BEREA, Ky. – In this college town known for a legacy of diversity, the debate over whether to extend discrimination protections to gays and lesbians has turned divisive.

The discussion has been continuing since May and June, when this Madison County city of 13,500 residents held two public forums on whether to propose an ordinance establishing a human rights commission, which would promote and protect human rights.

“I made the statement … when this thing came up that everybody is going to be mad, and that’s probably the way it’s turned out,” said Berea City Council member Billy Wagers.

City Council member Violet Farmer tells the Lexington Herald-Leader that the issue has torn the town apart.

“People on both sides of the issue have dug in for the long haul, and they’ve become polarized,” Farmer said. “It’s a very volatile situation.”

The debate has centered on whether a human rights commission should include alleged discrimination because of sexual orientation and gender identity among the matters it would investigate, the Lexington newspaper reported. Sexual orientation refers to which gender one is attracted to, while gender identity refers to whether one identifies with his or her birth gender.

On July 19, the city council introduced an ordinance to start a human rights commission that did not include sexual orientation or gender identity.

That disappointed those who want a full-fledged fairness ordinance- a separate measure that would outlaw discrimination based on sexual orientation or gender identity in housing, employment and accommodations. Among them was retired newspaper editor Guy Townsend.

“The entire country needs to include sexual orientation in among the protected classes like race, gender, age and things of that sort,” Townsend said. “If this country stands for fairness, then we ought to be for that.”

Townsend suspects that the ordinance does not include sexual orientation or gender identity because the council sought a compromise to appeal to the broadest segment of support in the town that’s home to Berea College.

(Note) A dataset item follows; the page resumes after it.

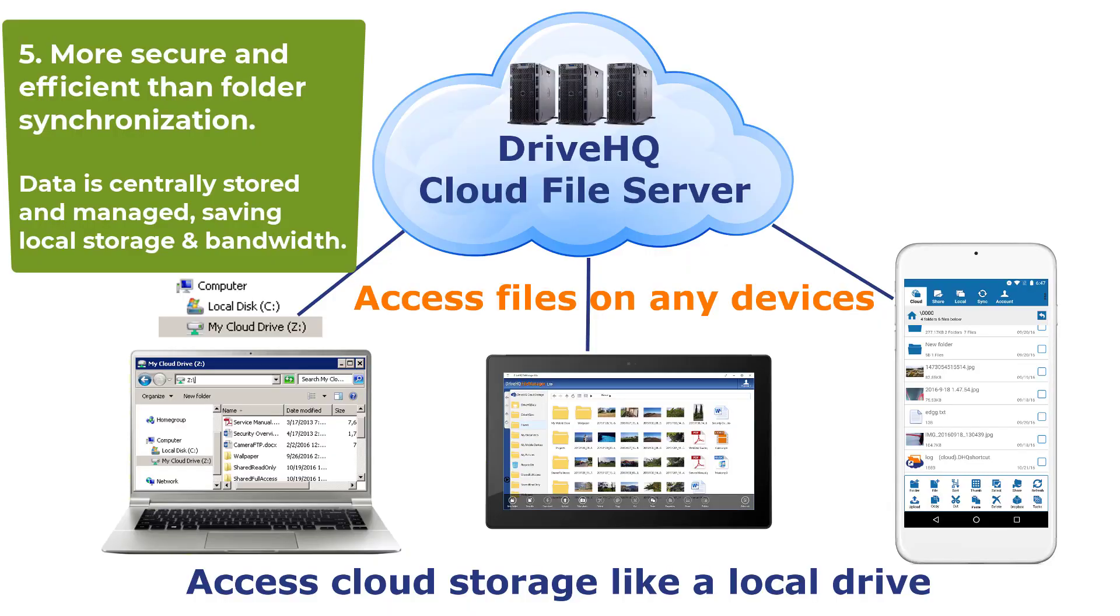Fifth, more secure and efficient than folder synchronization. It does not synchronize cloud storage with a local folder, saving local disk space and network bandwidth.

Others welcomed the proposal as a move in the right direction because Berea has no human rights commission now to investigate reports of any discrimination, including those based on race, color, religion, national origin, sex, age or physical disability.

And still others, like retiree Jack Hall, see the creation of a human rights commission as another example of intrusive government.

“We have enough laws on the books for anti-discrimination–everything from fair housing to work laws to rent laws,” Hall said. “If the anti-discrimination laws served their purpose we wouldn’t need any more, because we’ve got enough now to float a boat, and I just think it’s an exercise in futility.”

Public reaction to the proposal on the table runs the gamut, said the Rev. Kent Gilbert, pastor of Berea’s Union Church.

“Those in favor (of a fairness ordinance) think it’s not enough. Those opposed think it’s too much,” he said.

Gilbert said his personal preference is that the council would “do the right thing” and pass an ordinance that includes sexual orientation.

At present, there are 23 local human rights commissions in Kentucky. Some have jurisdictions that cover only a city, such as Richmond, while others are countywide, such as the one that covers Versailles, Midway and Woodford County.

Berea’s history of openness to diversity has been referenced in the current debate.

Berea College was started by the Rev. John Fee, an abolitionist minister who had volunteered at Camp Nelson in Jessamine County, a recruitment and training camp for black Union soldiers during the Civil War. At the end of the war, Fee invited many blacks to settle in Berea, promising them an interracial school, among other things.

The college operated as the only integrated school in Kentucky until 1904, when the state made it illegal to educate black and white students together, the newspaper reported. The college challenged the law, but it was upheld in state courts, and, in 1908, in the U.S. Supreme Court. Berea College was not reintegrated until 1950.

In the meantime, Berea College became known as a school that recruited poor Appalachian students, charged no tuition, and required all students to work in a college industry while attending school.